Anshu Sharma, CEO and co-founder, Skyflow: 
“Every large company is on a long-term transition to digital and cloud – so they can effectively compete against the likes of Amazon, and the Silicon Valley startups who are aiming for them. Companies like Nike, JP Morgan Chase, and Walgreens have been trying to transform and in 2020 they all got an unintended boost in their push to the cloud – because they had to. The Fortune 500, having seen relative success with cloud and digital are not going back. They are all doubling down. 2021 will be the year of the digital double down.” 

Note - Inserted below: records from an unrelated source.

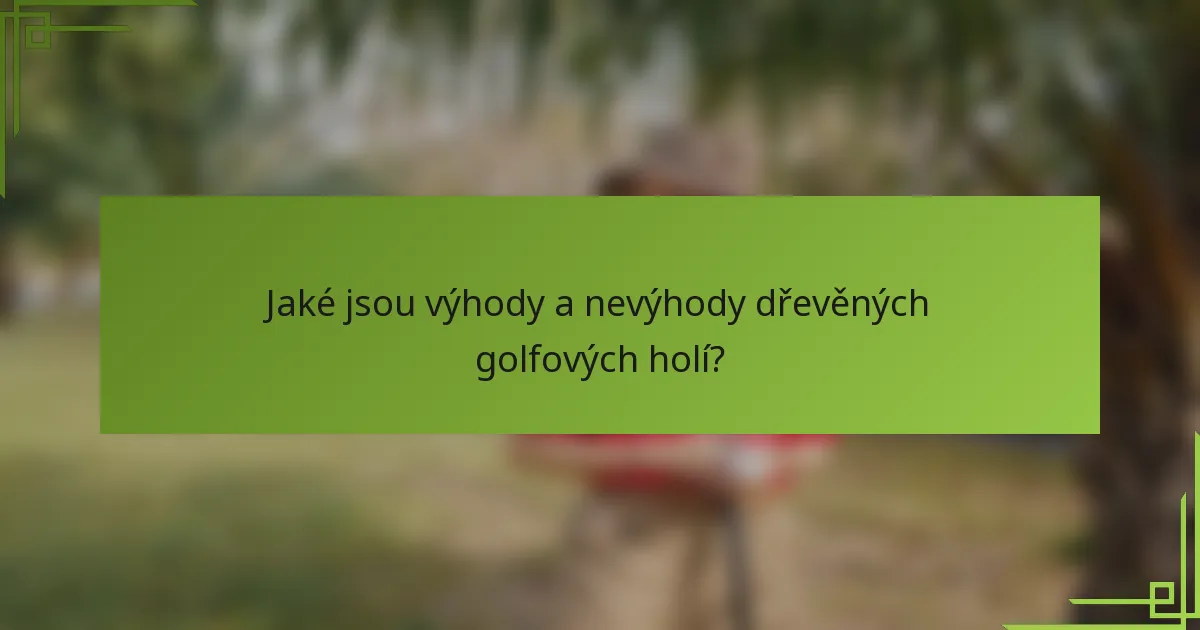 Jaké jsou výhody a nevýhody dřevěných golfových holí?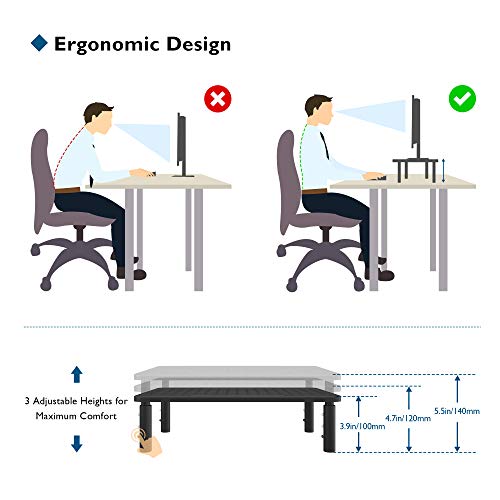 BONTEC Monitor Stand Riser, 3 Height Adjustable Monitor Stand with Pen Holder, Ergonomic Metal Laptop Stand with Cable Management, Great Computer Stand for Laptop, iMac, PC, Printer, 14.5 in, Black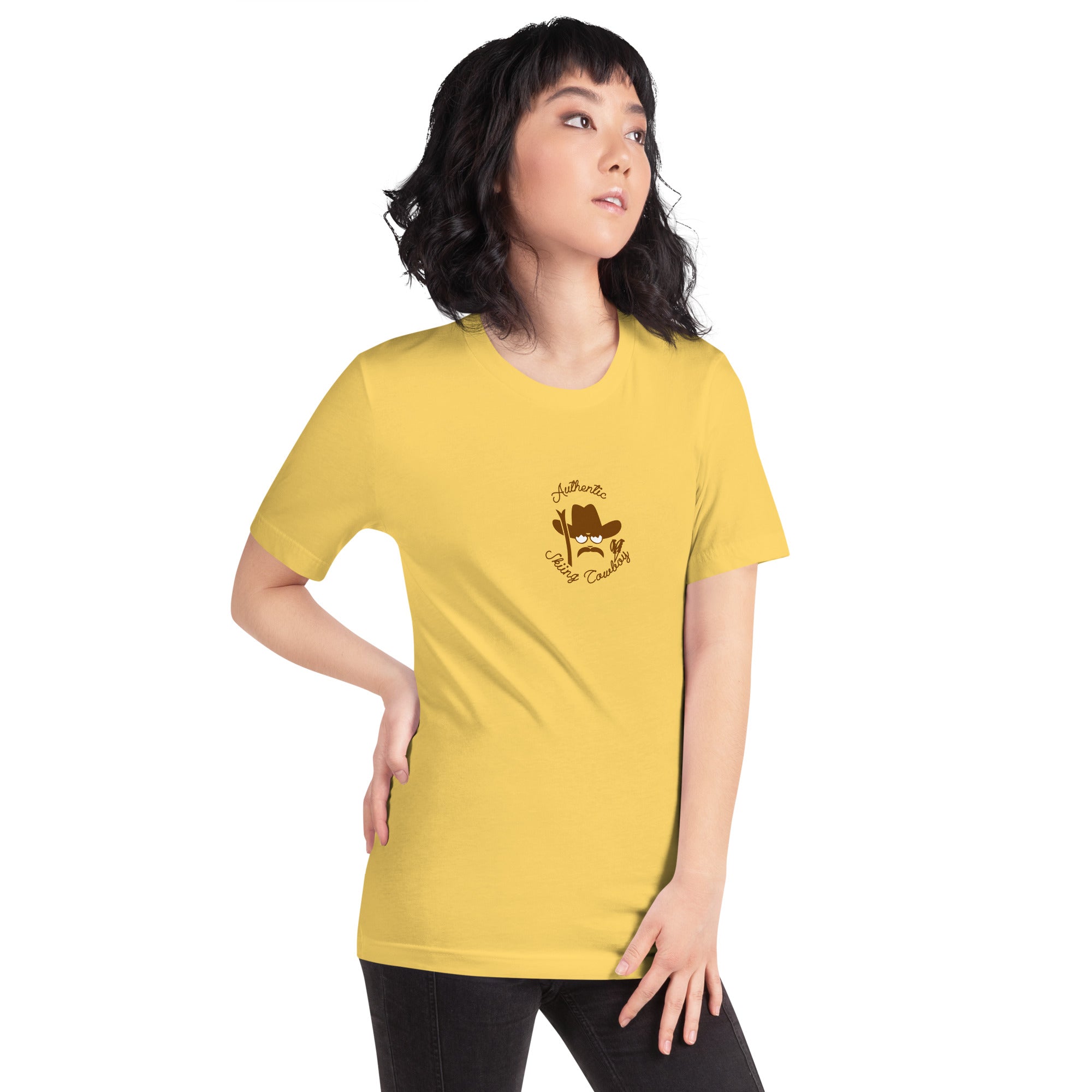 Unisex cotton t-shirt Authentic Skiing Cowboy on bright colors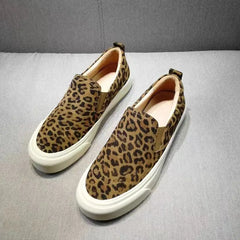 Cyflymder   Leopard Print Slip on Women's Canvas Shoes Summer Casual High on Platform Ladies Footwear New Fashion Vulcanized Shoe Sale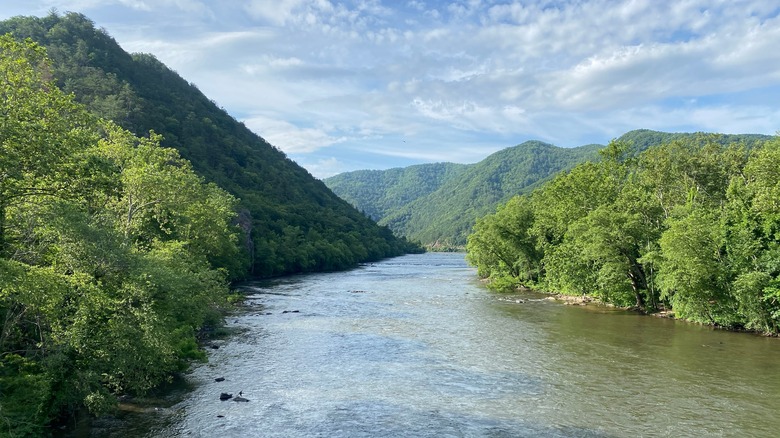 The French Broad River in North Carolina's Blue Ridge Mountains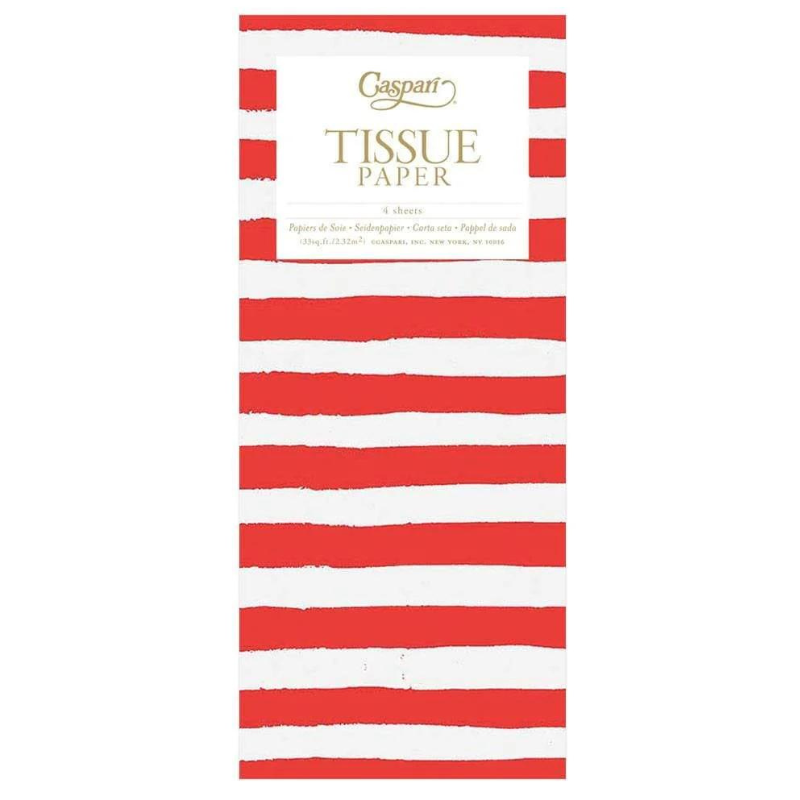 Red & White Painted Stripe Tissue Paper-becket hitch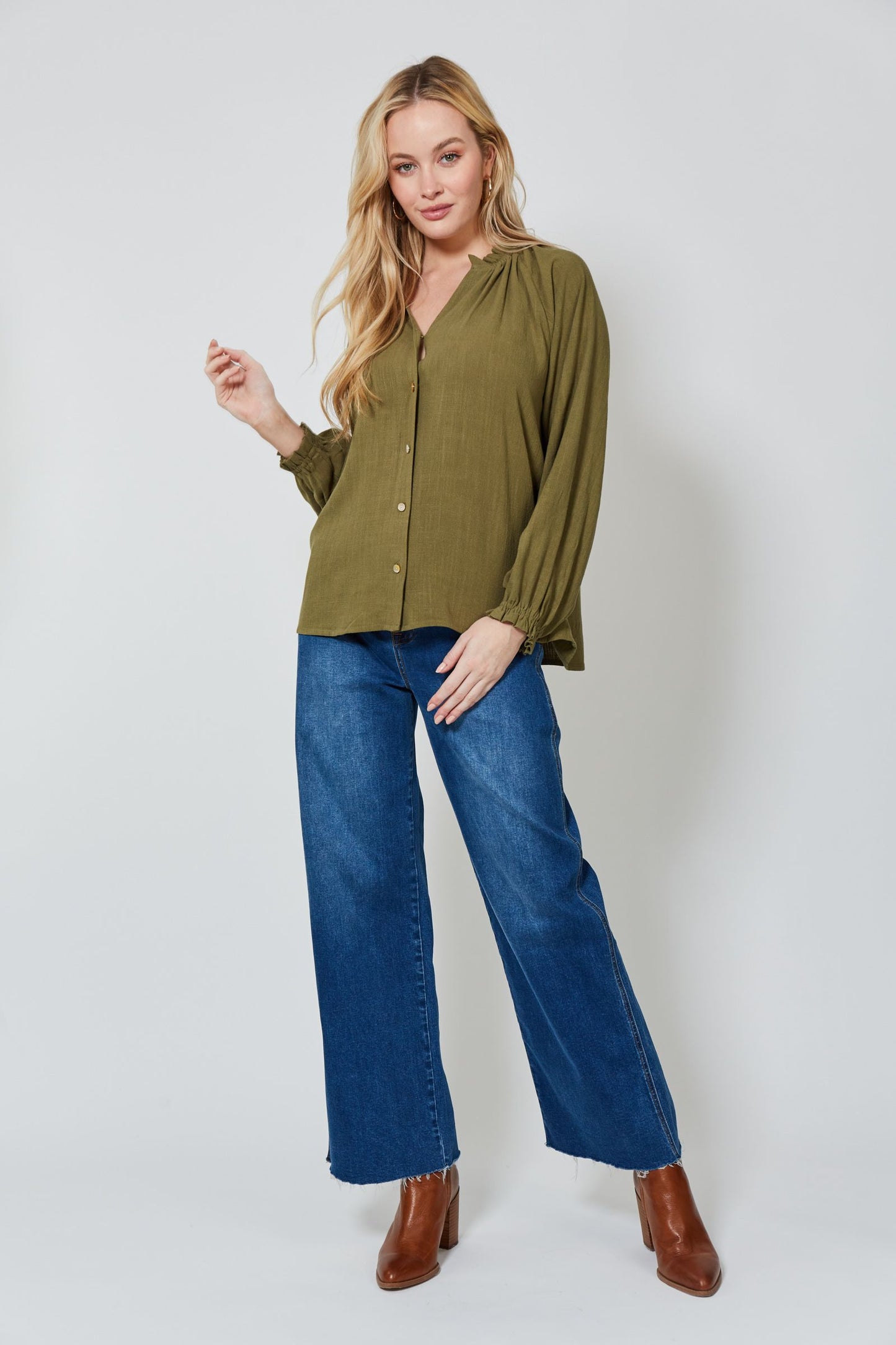 Vera Pleat Blouse - Evergreen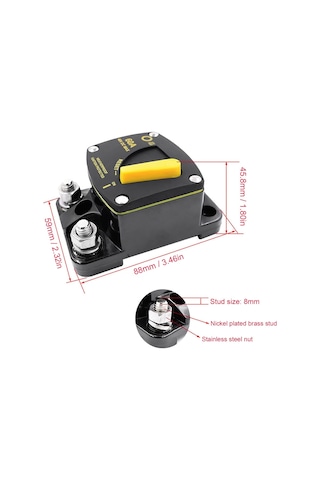 50a 60a 80a 100a 150a 200a 250a 300a Amp Devre Kesici Sigorta Sıfırlama 12-48v Dc Araba Ses Amplifikatör Kesici Renk: 150a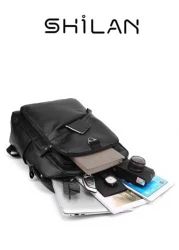SHILAN High End Men s Business Backpack With Large Capacity And Multiple Functions For Sports Made Of PU Material With Multiple Compartments And Pockets Adjustable Shoulder Straps Suitable For Outdoor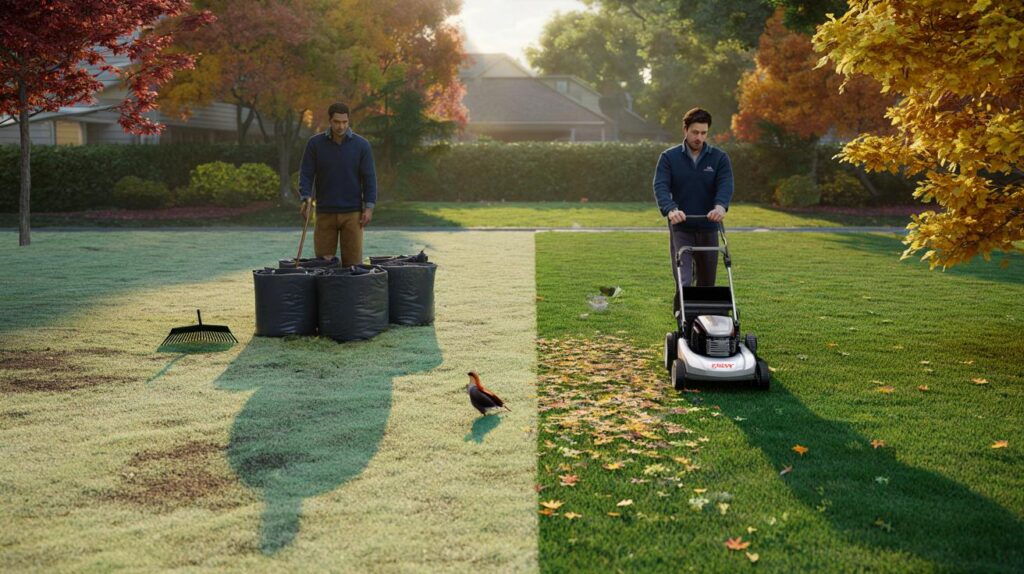 Raking leaves? Why clearing your entire lawn is a mistake: and how autumn leaves actually protect your grass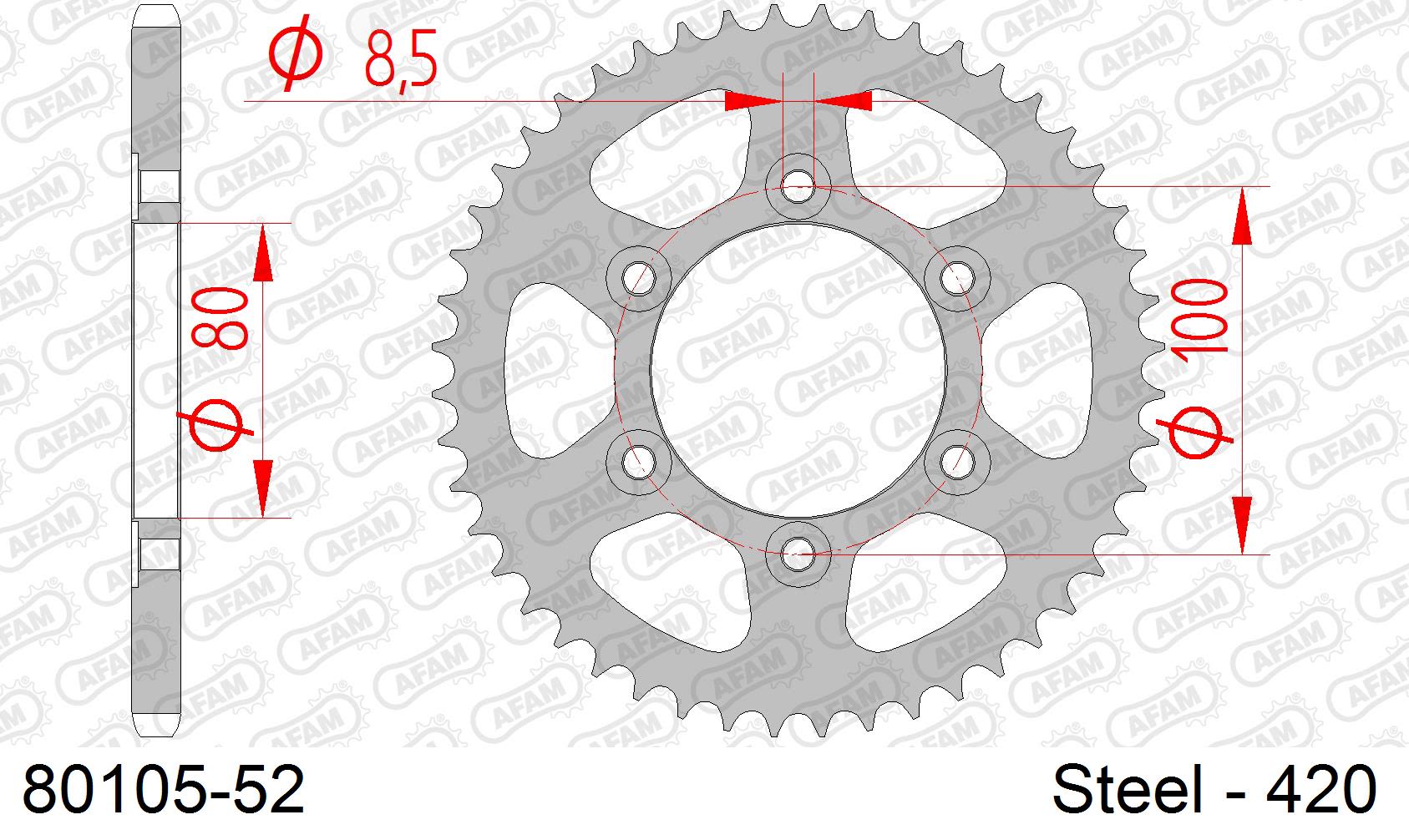 Corona AFAM 80105-52 in acciaio passo 420 RIEJU RRX 50 SM SPIKE 2003  -2004  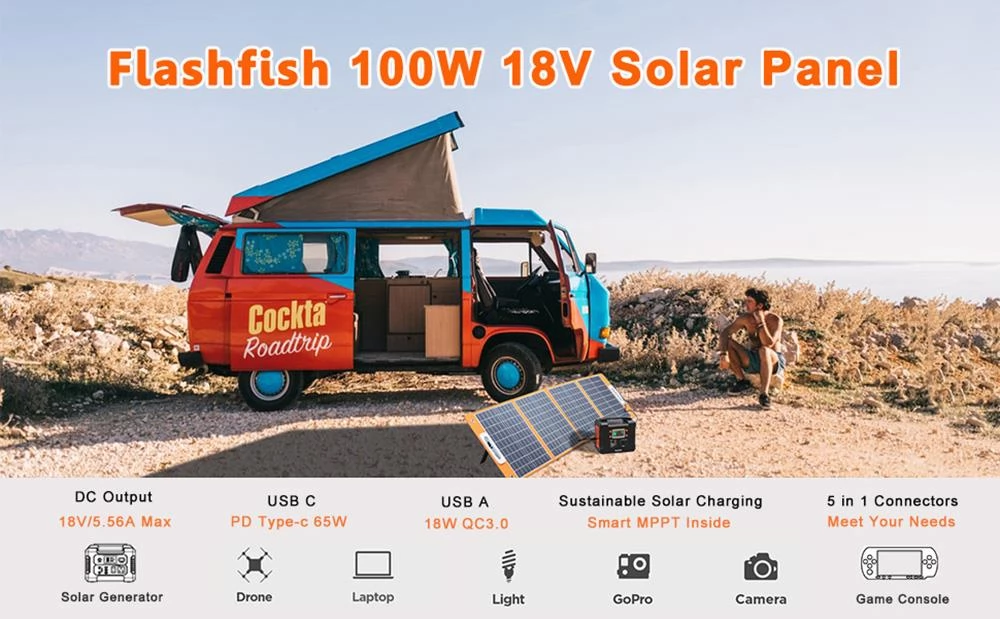 Flashfish TSP 18V/100W opvouwbare zonnepaneel draagbare zonne-lader met DC / USB-uitgang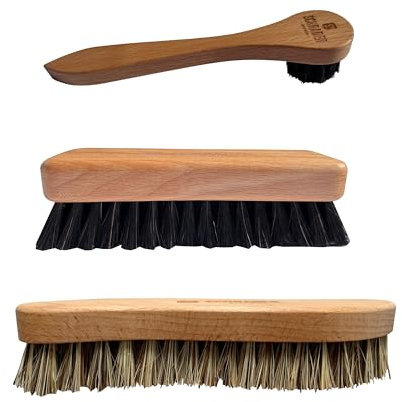 Schrader Schuhbürsten-Set - Schuhputzset mit Holzbürsten zur Schuhpflege - Reinigungsbürsten aus Buchenholz - 3 Bürsten - Made in Germany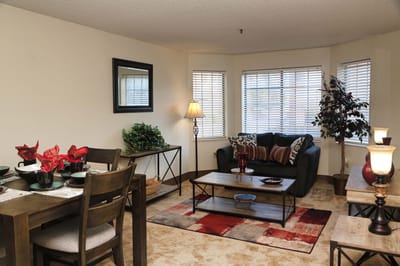 Interior living space with cozy furniture and decor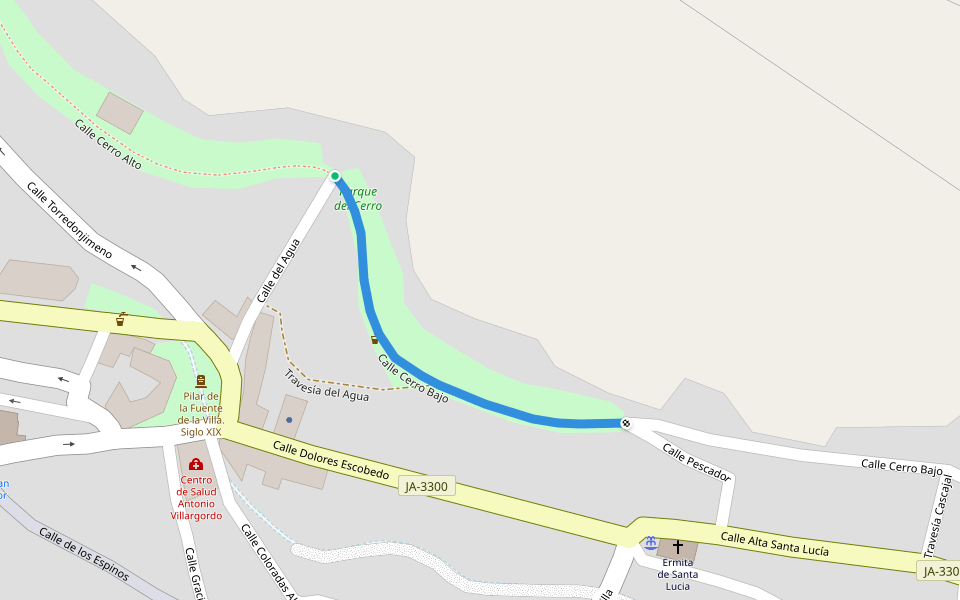 Calle Cerro Bajo walking route map in Martos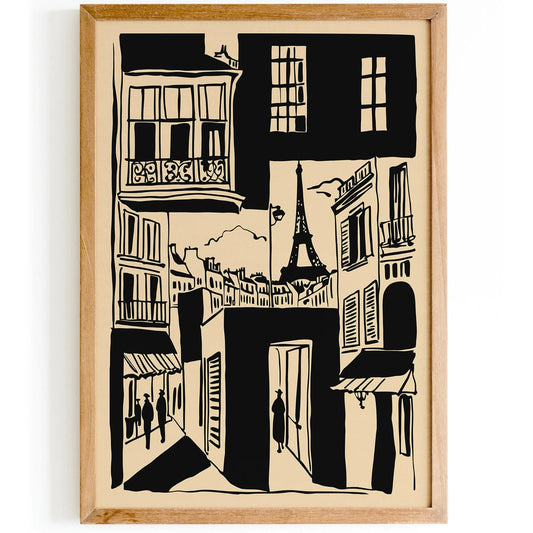 Black Ink Style Paris Comics Art Print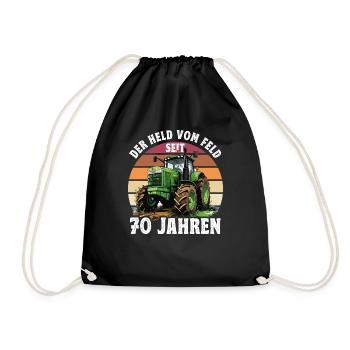 Der held Vom Feld Traktor 28 Geburtstag - Turnbeutel - Schwarz - Vorne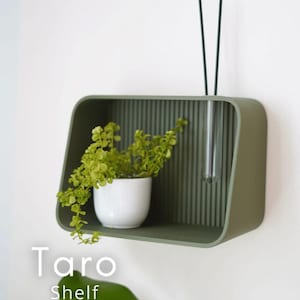 Op de afbeelding: Olijfgroen wandrek met een witte keramische pot met een groene plant. Een heldere glazen buis hangt van bovenaf. De tekst "Taro shelf" staat in het wit op het rek. Een modern woondecoratie-item.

Andrew Brust, analyst, Gigaom: 
“Kubernetes – and container technology more broadly – will continue to make analytics technology and data portable across public cloud and between those clouds and customer data centers. That, in turn, will make analytics control plane technology, which can perform ‘fleet management’ across analytics deployments, more critical and valuable.” 

Judd Bagley, Vice President of Marketing, Everise: 
“Among the many impacts of the pandemic on economic life has been the need for brands and customers to figure out how to better interface with one another from a distance. In the short term this usually meant greater reliance on phone and chat-based interactions, however in 2020, the world quickly learned that these services – typically delivered via tightly packed contact centers– were themselves untenable. We expect B2C enterprises maintaining strong CX connections into 2021 will be those that understand the following six points and either incorporate them into their CX strategy or partner with outsourcers.” 

Saad Siddiqui, principal, Telstra Ventures:

“The unrelenting pace of open source innovation will continue in 2021, particularly in the areas of data analytics and data infrastructure, leaving many Fortune 1000 businesses and other SMBs struggling to keep pace with, and integrate with, open source innovations. Unlike large tech players, who can afford to hire an army of engineers to constantly change things and add their own herbs and spices to improve their operations, most businesses and newer vendors don’t have as many talented engineers or can’t hire more engineers to keep pace with change. To address this talent wall, we’re seeing the rise of a hybrid open source business model, whereby open source data analytics companies like Incorta and infrastructure companies like Rancher Labs monetize closed source, out-of-the-box capabilities that deliver open source innovations while requiring less time and resources for enterprises to derive value.” 

Cornelia Davis, CTO, Weaveworks: 
“2021 will see the emergence of common distributed operational patterns widely implemented across all industries, and with the coming of 5G and the edge, this could not be timelier. There are several signals that foreshadow this, such as the adoption of GitOps as a defacto standard and best practice for operating Kubernetes and its workloads. IT systems will not only enjoy greater resilience, and security, but having GitOps in place also lays the foundation for massive scalability and growth.”